[Extracted records]
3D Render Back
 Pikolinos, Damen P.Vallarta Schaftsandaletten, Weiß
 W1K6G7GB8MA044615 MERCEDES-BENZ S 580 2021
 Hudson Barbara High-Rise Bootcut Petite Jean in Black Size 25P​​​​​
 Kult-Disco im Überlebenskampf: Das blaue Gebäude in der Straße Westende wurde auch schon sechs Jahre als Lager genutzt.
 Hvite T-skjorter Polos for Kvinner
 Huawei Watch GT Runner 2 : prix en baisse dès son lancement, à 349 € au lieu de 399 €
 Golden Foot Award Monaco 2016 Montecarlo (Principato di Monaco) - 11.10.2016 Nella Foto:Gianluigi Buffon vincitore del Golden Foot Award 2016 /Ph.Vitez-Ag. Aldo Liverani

● **TASK PROMPT**: From the records above, extract each line exactly as shown.

● **ANSWER TO THE PROBLEM**:
3D Render Back
 Pikolinos, Damen P.Vallarta Schaftsandaletten, Weiß
 W1K6G7GB8MA044615 MERCEDES-BENZ S 580 2021
 Hudson Barbara High-Rise Bootcut Petite Jean in Black Size 25P​​​​​
 Kult-Disco im Überlebenskampf: Das blaue Gebäude in der Straße Westende wurde auch schon sechs Jahre als Lager genutzt.
 Hvite T-skjorter Polos for Kvinner
 Huawei Watch GT Runner 2 : prix en baisse dès son lancement, à 349 € au lieu de 399 €
 Golden Foot Award Monaco 2016 Montecarlo (Principato di Monaco) - 11.10.2016 Nella Foto:Gianluigi Buffon vincitore del Golden Foot Award 2016 /Ph.Vitez-Ag. Aldo Liverani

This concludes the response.